Nitrogen fertilizer builds soil organic carbon under straw return mainly via microbial necromass formation

Carbon (C) and nitrogen (N) inputs strongly influence the formation, turnover and sequestration of soil organic carbon (SOC) in agricultural ecosystems. It is not clear, however, how N input regulates the contribution of plantand microbial-derived C to SOC sequestration under straw return. To fill this gap, plant and microbial biomarkers, as well as enzyme activities were determined in a long-term (18 years) field experiment. Straw return and N fertilization increased SOC content by 20% and 10%, respectively. Specifically, straw return increased the proportion of total lignin (mainly vanillyl and syringyl) phenols in SOC by 16%, but decreased the proportion of cinnamyl in SOC by 7.5%. This implied that some plant residues were selectively preserved, while the compounds that were less stable than cinnamyl were easily decomposed. The increased phospholipid fatty acid (PLFA) content and enzyme activities with straw return indicated the acceleration of straw decomposition. Based on amino sugar content, straw return did not alter the proportion of microbial necromass to SOC. Together, lignin and amino sugars co-determined the stable contribution of plant- and microbial-derived C to SOC sequestration under straw return. N fertilization increased the portion of microbial necromass (especially bacterial necromass) C in SOC by 6% and thus decreased the plant residue contribution to SOC. Accordingly, N fertilization accelerated the microbial utilization of straw and consequently microbial necromass formation.
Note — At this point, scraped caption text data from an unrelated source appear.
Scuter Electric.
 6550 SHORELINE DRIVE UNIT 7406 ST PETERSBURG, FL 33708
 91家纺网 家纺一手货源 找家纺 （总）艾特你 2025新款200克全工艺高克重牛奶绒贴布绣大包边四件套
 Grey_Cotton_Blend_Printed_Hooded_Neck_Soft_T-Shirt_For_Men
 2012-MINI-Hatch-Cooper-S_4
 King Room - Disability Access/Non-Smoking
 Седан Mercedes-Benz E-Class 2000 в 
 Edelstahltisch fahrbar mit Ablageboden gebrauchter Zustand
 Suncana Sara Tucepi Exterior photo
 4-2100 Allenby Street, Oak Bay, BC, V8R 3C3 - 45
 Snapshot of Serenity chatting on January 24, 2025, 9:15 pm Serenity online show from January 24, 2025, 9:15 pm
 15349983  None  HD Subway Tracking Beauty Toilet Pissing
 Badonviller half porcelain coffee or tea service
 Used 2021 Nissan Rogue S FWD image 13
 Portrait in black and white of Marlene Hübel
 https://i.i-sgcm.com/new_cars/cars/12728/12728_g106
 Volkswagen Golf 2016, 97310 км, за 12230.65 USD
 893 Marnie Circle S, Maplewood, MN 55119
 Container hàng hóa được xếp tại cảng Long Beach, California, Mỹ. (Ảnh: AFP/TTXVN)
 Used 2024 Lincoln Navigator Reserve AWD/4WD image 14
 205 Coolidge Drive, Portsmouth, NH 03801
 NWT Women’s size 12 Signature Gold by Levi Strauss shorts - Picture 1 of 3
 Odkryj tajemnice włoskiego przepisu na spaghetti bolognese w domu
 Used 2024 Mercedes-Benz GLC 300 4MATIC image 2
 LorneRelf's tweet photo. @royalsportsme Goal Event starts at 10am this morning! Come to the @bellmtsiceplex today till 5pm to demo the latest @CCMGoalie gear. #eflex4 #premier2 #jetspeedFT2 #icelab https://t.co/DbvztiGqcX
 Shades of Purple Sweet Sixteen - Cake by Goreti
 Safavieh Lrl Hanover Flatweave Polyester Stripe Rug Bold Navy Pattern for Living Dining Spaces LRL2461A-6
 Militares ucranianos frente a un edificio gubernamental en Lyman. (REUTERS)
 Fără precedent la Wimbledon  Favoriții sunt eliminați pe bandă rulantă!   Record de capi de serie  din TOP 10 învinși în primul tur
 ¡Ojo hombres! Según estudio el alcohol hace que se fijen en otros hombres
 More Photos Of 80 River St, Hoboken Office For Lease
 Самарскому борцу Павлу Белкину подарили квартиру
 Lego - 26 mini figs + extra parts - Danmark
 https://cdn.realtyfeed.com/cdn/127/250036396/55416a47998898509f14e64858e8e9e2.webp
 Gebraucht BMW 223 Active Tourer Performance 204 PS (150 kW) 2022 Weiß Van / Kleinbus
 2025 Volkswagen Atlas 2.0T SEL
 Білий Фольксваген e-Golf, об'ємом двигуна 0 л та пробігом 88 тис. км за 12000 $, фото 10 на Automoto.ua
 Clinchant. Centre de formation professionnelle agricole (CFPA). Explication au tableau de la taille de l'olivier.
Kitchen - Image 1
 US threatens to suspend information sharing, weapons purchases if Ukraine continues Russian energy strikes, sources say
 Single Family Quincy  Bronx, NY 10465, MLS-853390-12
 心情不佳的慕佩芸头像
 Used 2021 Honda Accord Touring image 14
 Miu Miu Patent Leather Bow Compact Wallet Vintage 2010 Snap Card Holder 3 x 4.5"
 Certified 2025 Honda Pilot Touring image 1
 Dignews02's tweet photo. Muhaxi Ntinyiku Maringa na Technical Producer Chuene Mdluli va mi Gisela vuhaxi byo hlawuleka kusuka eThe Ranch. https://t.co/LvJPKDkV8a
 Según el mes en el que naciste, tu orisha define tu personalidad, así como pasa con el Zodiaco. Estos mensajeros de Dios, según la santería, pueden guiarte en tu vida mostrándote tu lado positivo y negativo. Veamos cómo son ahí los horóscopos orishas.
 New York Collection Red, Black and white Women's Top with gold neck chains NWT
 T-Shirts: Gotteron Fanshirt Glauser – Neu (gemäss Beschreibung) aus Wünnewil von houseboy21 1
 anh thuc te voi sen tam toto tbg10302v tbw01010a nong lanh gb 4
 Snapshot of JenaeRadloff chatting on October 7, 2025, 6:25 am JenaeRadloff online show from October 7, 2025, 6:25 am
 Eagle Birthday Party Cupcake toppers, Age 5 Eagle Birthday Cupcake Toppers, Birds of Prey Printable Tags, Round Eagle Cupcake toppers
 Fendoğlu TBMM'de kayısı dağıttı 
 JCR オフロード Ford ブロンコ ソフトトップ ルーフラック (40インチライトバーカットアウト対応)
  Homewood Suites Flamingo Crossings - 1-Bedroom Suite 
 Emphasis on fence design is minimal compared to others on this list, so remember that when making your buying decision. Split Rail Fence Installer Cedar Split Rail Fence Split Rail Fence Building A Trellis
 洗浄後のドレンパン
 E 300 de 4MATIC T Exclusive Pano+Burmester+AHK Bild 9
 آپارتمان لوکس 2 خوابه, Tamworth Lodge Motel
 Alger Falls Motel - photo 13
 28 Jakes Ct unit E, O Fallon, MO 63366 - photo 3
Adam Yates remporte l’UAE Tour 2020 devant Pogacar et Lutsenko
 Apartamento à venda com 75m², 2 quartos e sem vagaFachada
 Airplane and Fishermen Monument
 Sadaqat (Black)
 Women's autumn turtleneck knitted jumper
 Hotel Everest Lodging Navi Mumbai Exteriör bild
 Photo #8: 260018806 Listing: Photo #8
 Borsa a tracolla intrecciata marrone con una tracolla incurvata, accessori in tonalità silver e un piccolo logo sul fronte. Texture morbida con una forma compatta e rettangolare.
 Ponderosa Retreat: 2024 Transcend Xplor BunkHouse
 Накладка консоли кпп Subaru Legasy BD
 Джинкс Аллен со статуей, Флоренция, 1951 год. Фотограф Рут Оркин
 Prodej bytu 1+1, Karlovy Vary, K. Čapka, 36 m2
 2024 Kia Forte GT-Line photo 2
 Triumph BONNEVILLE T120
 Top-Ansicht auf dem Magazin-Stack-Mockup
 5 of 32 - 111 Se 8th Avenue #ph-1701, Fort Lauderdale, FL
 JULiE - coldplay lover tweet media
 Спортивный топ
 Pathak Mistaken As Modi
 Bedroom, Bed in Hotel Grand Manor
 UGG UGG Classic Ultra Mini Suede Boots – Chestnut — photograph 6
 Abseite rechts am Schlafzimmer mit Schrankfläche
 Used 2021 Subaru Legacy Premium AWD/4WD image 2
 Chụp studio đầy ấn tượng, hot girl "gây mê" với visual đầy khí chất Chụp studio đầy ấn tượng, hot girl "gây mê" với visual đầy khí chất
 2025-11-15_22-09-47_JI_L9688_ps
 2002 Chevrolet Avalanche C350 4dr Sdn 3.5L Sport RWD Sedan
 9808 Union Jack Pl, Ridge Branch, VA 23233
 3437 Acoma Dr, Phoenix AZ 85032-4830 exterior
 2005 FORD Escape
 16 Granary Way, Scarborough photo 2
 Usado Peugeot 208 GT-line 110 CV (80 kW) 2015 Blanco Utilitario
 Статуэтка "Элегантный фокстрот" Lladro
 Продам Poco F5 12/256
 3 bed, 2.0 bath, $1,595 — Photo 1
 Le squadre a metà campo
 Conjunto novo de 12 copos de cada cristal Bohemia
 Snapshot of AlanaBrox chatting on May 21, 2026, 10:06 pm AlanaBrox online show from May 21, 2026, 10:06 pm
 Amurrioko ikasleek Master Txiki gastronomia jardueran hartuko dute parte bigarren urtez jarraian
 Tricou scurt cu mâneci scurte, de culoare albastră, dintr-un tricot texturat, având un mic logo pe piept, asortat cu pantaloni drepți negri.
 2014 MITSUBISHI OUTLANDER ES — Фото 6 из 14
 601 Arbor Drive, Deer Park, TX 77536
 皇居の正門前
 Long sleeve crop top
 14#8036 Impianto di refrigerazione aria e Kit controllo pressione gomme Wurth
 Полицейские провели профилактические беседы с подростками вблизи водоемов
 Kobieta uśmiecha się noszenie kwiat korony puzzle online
In terms of PLFA composition, Ascomycota and Basidiomycota, Actinobacteria, and Gram-negative bacteria were the key groups forming microbial necromass and thus SOC. N fertilization increased N-acquiring enzyme activities and boosted the involvement of microbial necromass in nutrient cycling, which in turn may stimulate plant and microbial growth. Overall, straw return simultaneously increased plant- and microbial-derived C, while N fertilization stimulated microbial growth and enzyme activity and thus increased straw conversion to microbial necromass.